WAC 182-515-1509 Home and community based (HCB) waiver services authorized by home and community services (HCS) - Client financial responsibility

WAC 182-515-1505 Home and community based (HCB) waiver services authorized by home and community services (HCS)

WAC 182-515-1505 Home and community based (HCB) waiver services authorized by home and community services (HCS).

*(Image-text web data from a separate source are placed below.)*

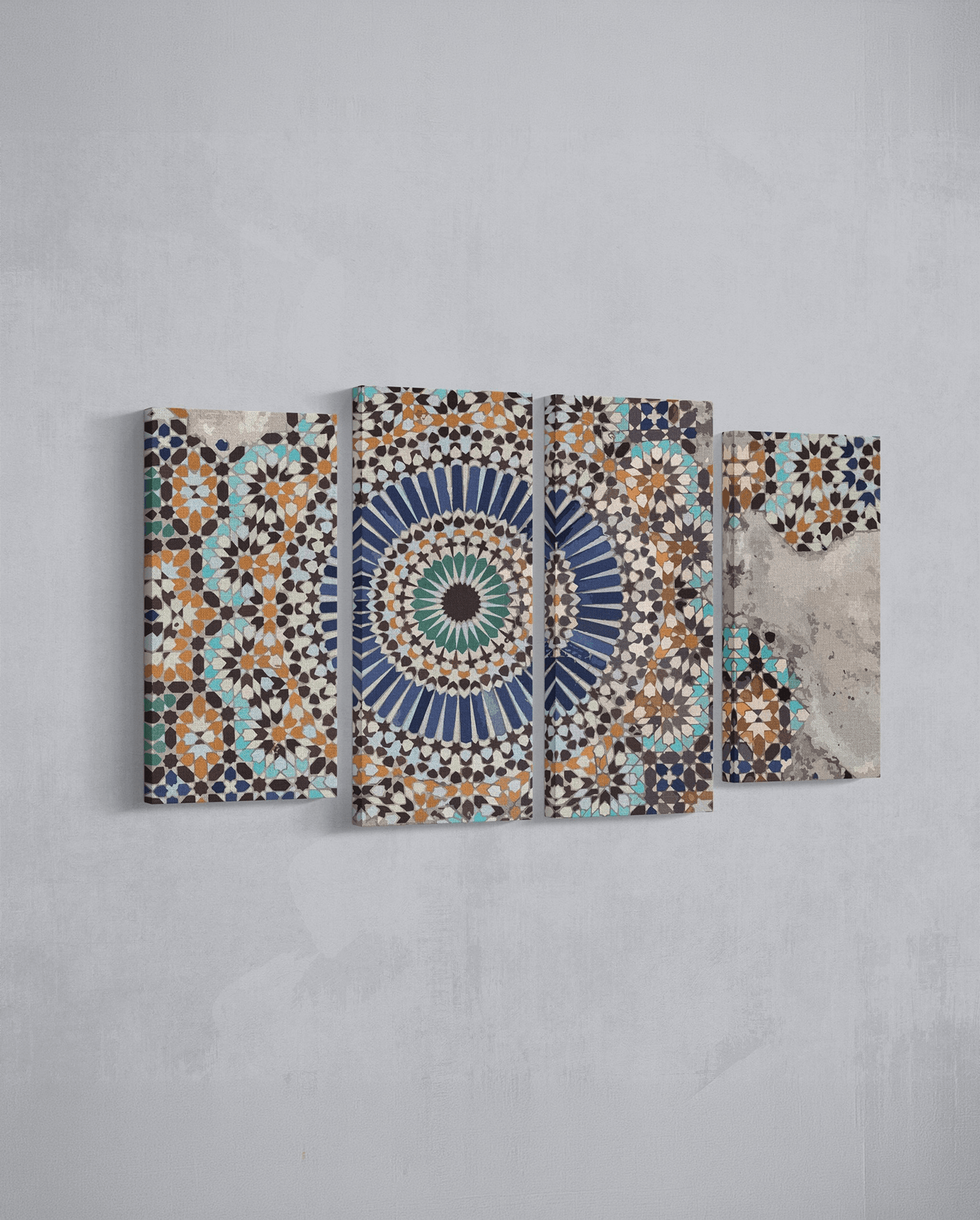 Moroccan Tile - Grande Mosque of Paris - The Sabr Store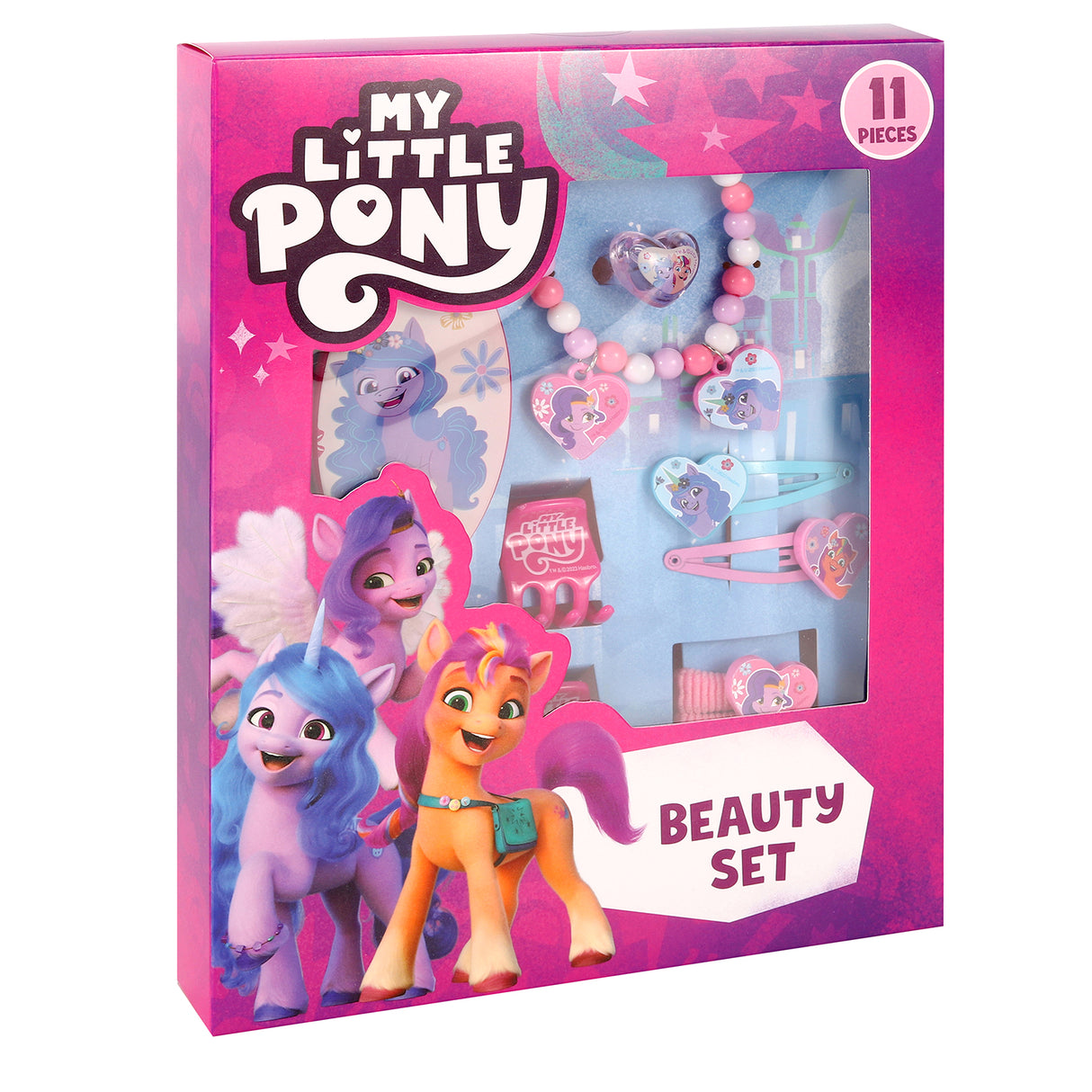 My Little Pony 11 Piece Hair & Beauty Accessories Set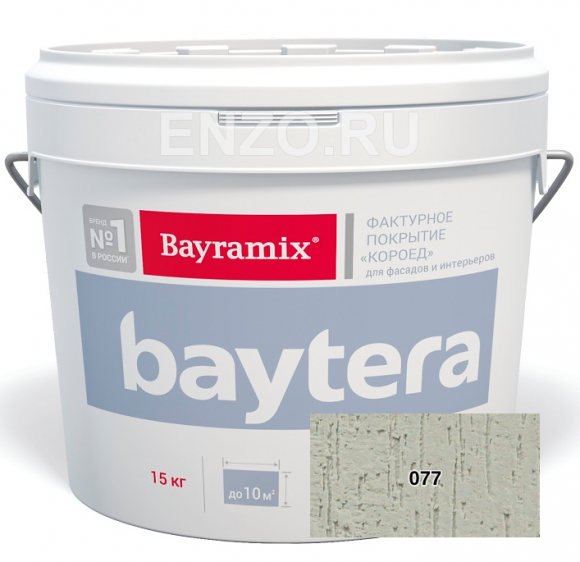 Bayramix Baytera Штукатурка декоративная Короед фракция 2 мм, 15 кг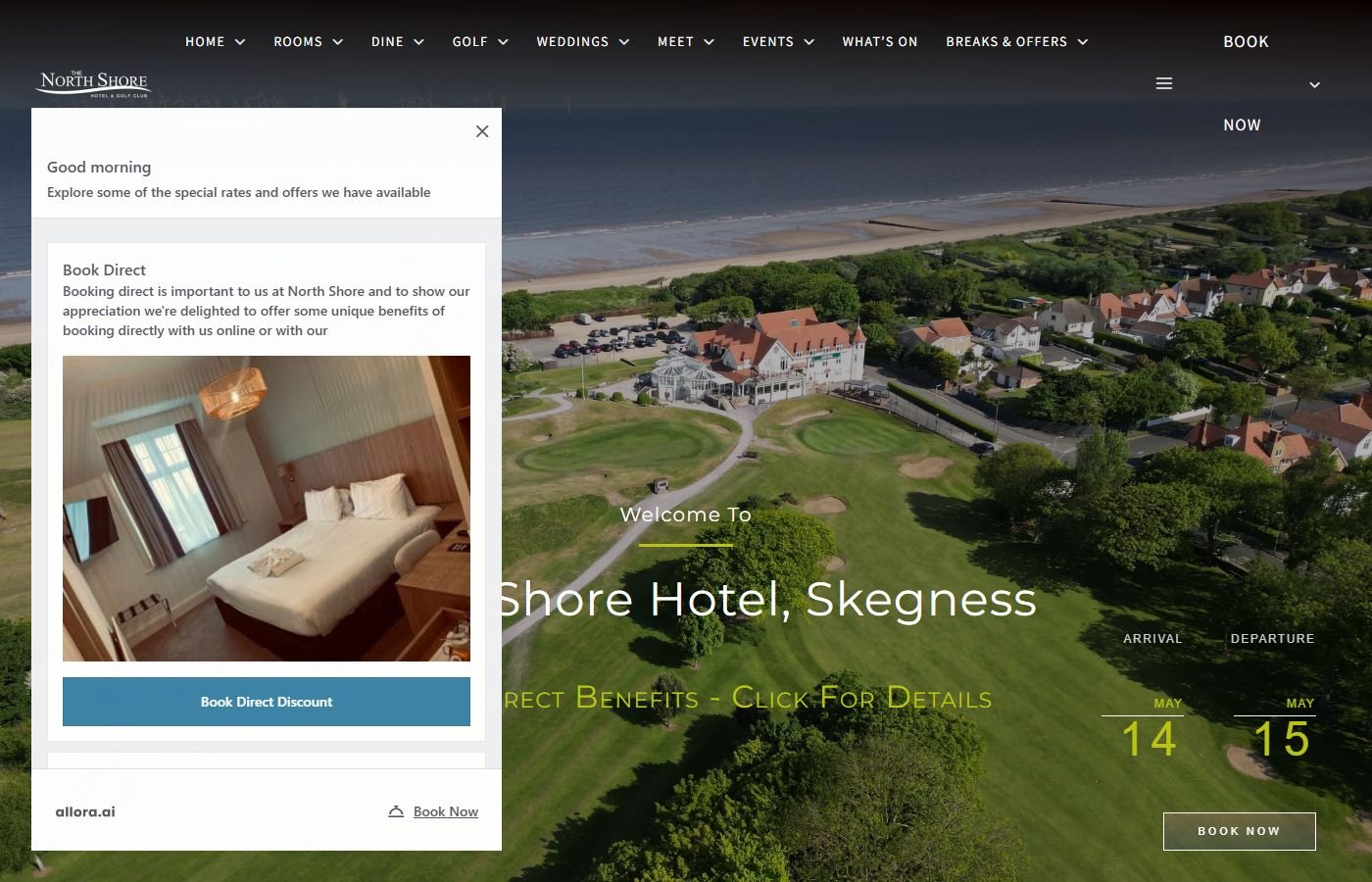 North Shore Hotel & Golf Club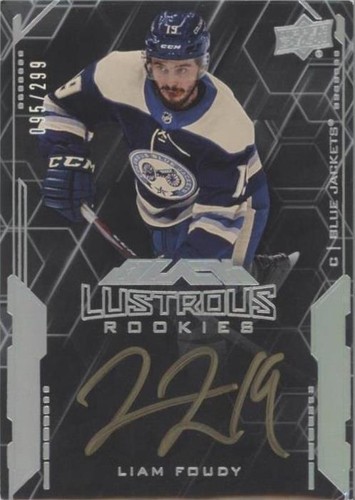 2020-21 SPx - Liam Foudy #LS-LF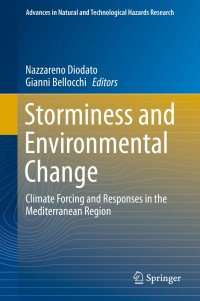 Omslagafbeelding: Storminess and Environmental Change 9789400779471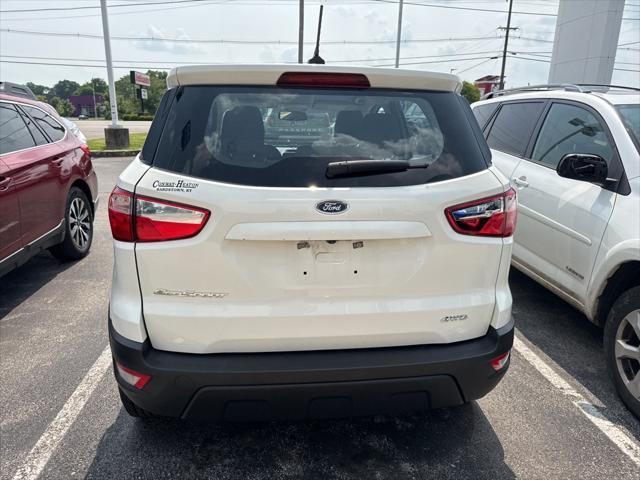 used 2022 Ford EcoSport car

Effective February 20, 2017

This chapter describes the general and financial eligibility requirements for categorically needy (CN) home and community based (HCB) waiver services authorized by home and community services (HCS). The definitions in WAC 182-513-1100 and chapter 182-500 WAC apply throughout this chapter.

  1. The HCS waivers are:
    1. Community options program entry system (COPES);
    2. New Freedom consumer-directed services (New Freedom); and
    3. Residential support waiver (RSW).
  2. WAC 182-515-1506 describes the general eligibility requirements for HCB waiver services authorized by HCS.
  3. WAC 182-515-1507 describes financial requirements for eligibility for HCB waiver services authorized by HCS when a person is eligible for a noninstitutional SSI-related categorically needy (CN) medicaid program.
  4. WAC 182-515-1508 describes the financial eligibility requirements for HCB waiver services authorized by HCS when a person is not eligible for SSI-related noninstitutional CN medicaid under WAC 182-515-1507.
  5. WAC 182-515-1509 describes the rules used to determine a person's responsibility for the cost of care and room and board for HCB waiver services if the person is eligible under WAC 182-515-1508.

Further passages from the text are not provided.